“Five minutes, hares!” shouts Forwood, as Birch and I came on the spot.
We use the interval in stripping off all unnecessary apparel, and girding ourselves with our bags of “scent,” or scraps of torn-up paper, which we are to drop as we run. Then we sit and wait the moment for starting. The turf is crisp under our feet; the sun is just warm enough to keep us from shivering as we sit, and the wind just strong enough to be fresh. Altogether it is to be doubted if a real meet of real hounds to hunt real hares—a cruel and not very manly sport, after all—could be much more exciting than this is.
“Half a minute!” sings out the whipper-in, as we spring to our feet.
In another thirty seconds we are swinging along at a good pace down the slope of the warren, in the direction of Colven meadows, and the hunt has begun.
As long as we were in sight of the pack we kept up a good hard pace, but on reaching cover we settled down at once to a somewhat more sober jog-trot, in anticipation of the long chase before us.
We made good use of our five minutes’ start, for by the time a distant bugle note announced that the hounds were let loose on our track we had covered a good piece of ground, and put several wide fields and ditches and ugly hedges between us and our pursuers.
Now it was that Birch’s experiences served us in good stead. I never knew a fellow more thoroughly cunning; he might have been a fox instead of a hare. Sometimes he made me run behind him and drop my scent on the top of his, and sometimes keep a good distance off, and let the wind scatter it as much as it could. When we came to a gap, instead of starting straight across the next field he would turn suddenly at right angles, and keep close up under the hedge half-way round before striking off into the open. Among trees and bushes he zigzagged and doubled to an alarming extent, so that it seemed as if we were losing ground every moment. So we should have been if the chase had been by sight instead of by scent; but that would have been against all rules.

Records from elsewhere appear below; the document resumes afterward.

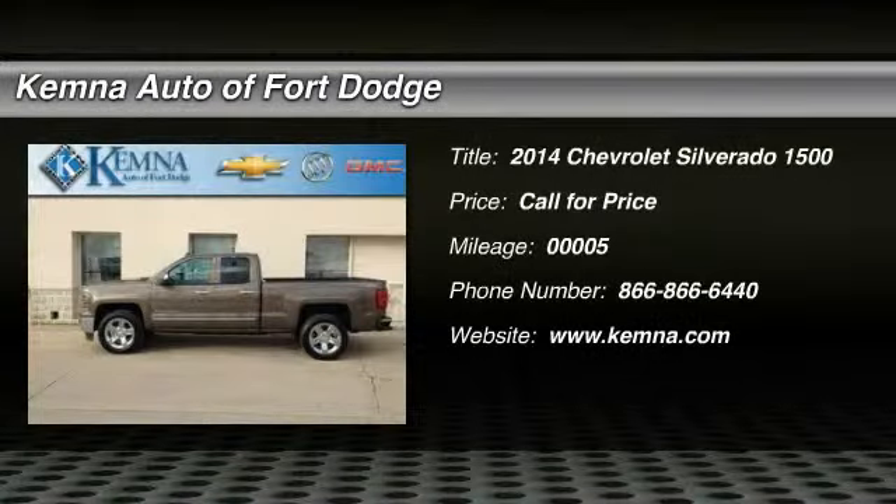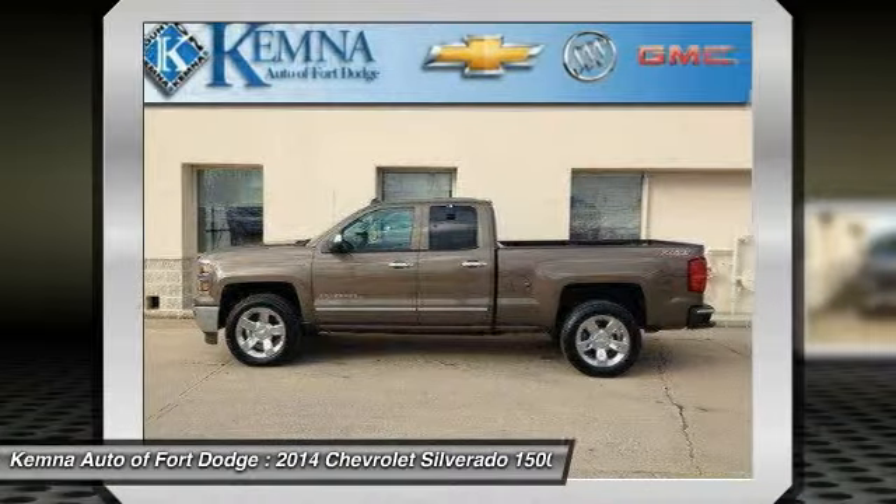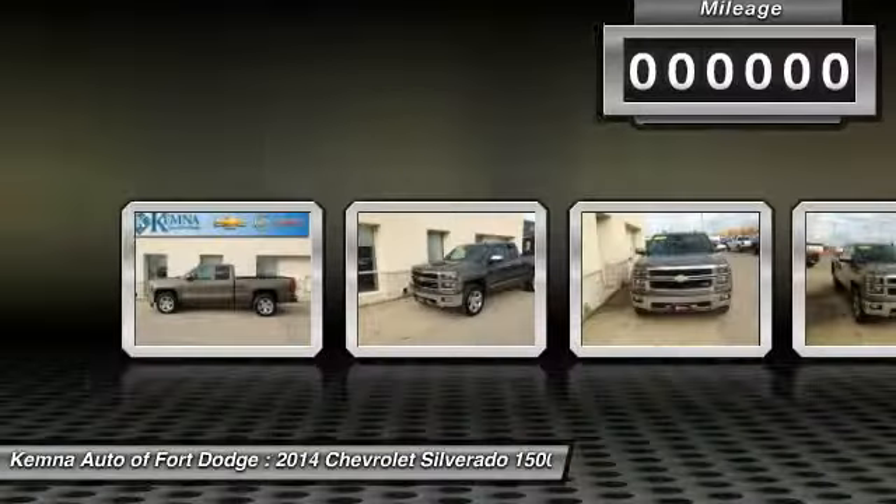The 2014 Chevy Silverado 1500. The Chevy Silverado 1500 has the lowest cost of ownership of any full-size pickup. This vehicle has less than 100 miles.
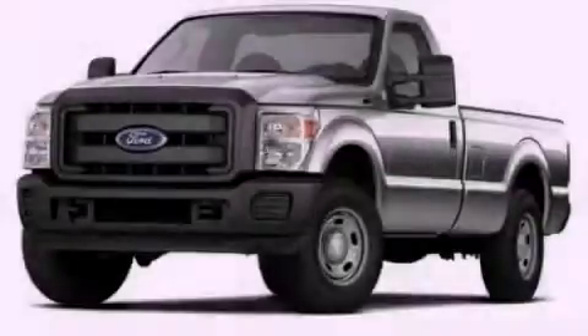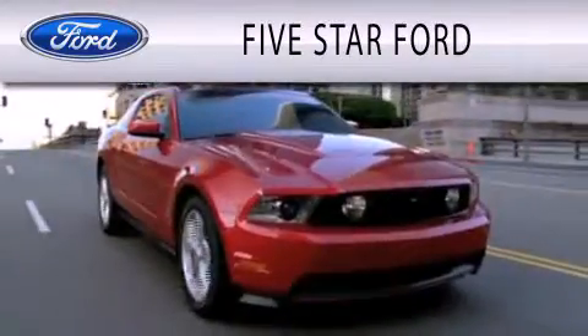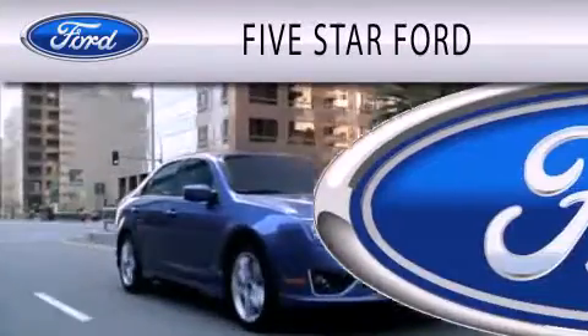Call or visit us right now and arrange your test drive today. Five Star Ford is dedicated to doing everything possible to ensure that the experience you have selecting your vehicle is as pleasant as possible.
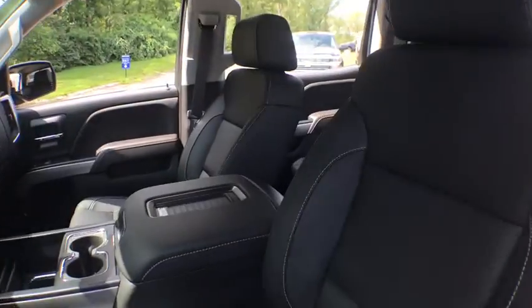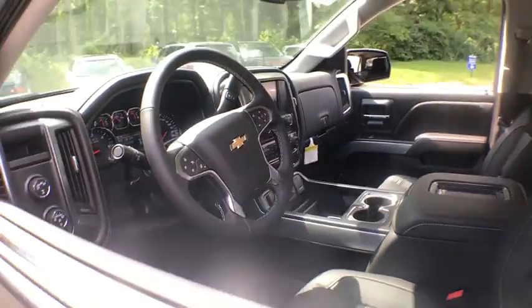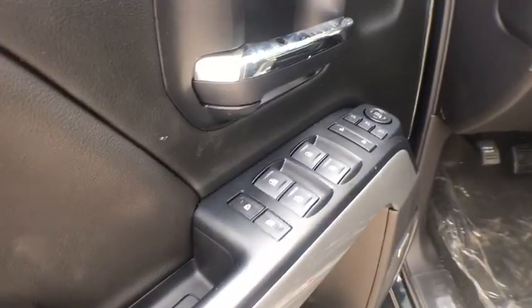Bluetooth, leather wrapped steering wheel, adjustable steering wheel, power steering, four wheel disc brakes, cruise control, floor mats, aluminum wheels, four wheel drive, auto dimming rear view mirror.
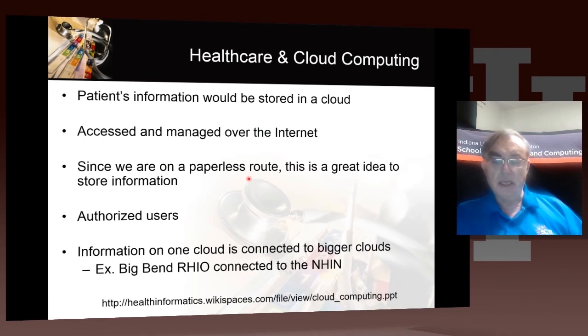Here's a slide set I found. It doesn't say an awful lot, except that there's an opportunity to store everything in the cloud. These are almost tautologies, because we're going paperless, we better store it somewhere. Clouds are, by definition, the cheapest place to store it.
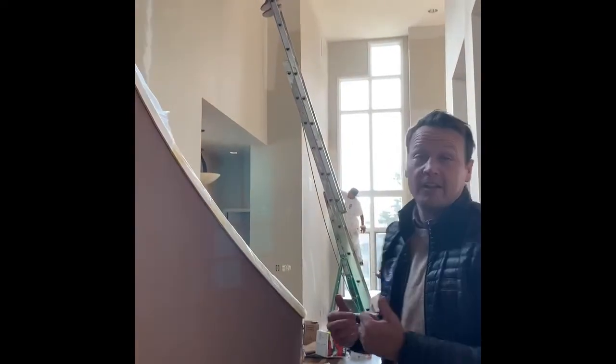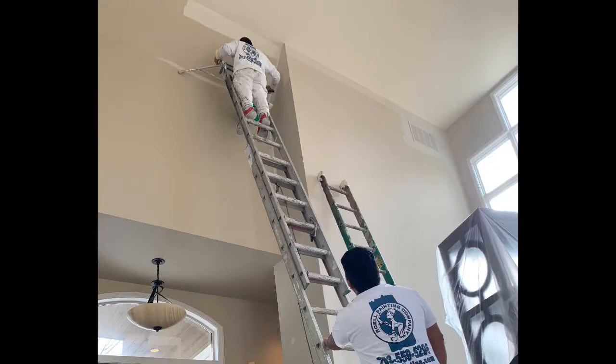Greetings guys, it's Isaac here again with Braille Painting, checking in on the status of your project. The guys are working away, and as you can see, we're getting those hard to reach high areas with the tall ladder.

If the hounds were to see the hares twenty yards in front of them, and the scent lay half a mile round, they would be bound, according to our rules, to go the half-mile, however tempting the short cut might seem.
It was after a very wide circuit, ending up on the top of a moderate rise, that we first caught sight of our pursuers. As they were a full six minutes behind us, we agreed to sit down under cover for a minute and watch them.
At that moment they had evidently lost the scent, and were ferreting about among some low trees and bushes in search of it. We saw the flag of the whipper-in marking the spot where it was last visible, and round this, on all sides, the hounds were exploring busily in search of the “new departure.” Then, presently, came a cry of “Forward!” and off they all started in our direction; and as the scent after that seemed to lie pretty clear we considered it high time for us to resume our flight.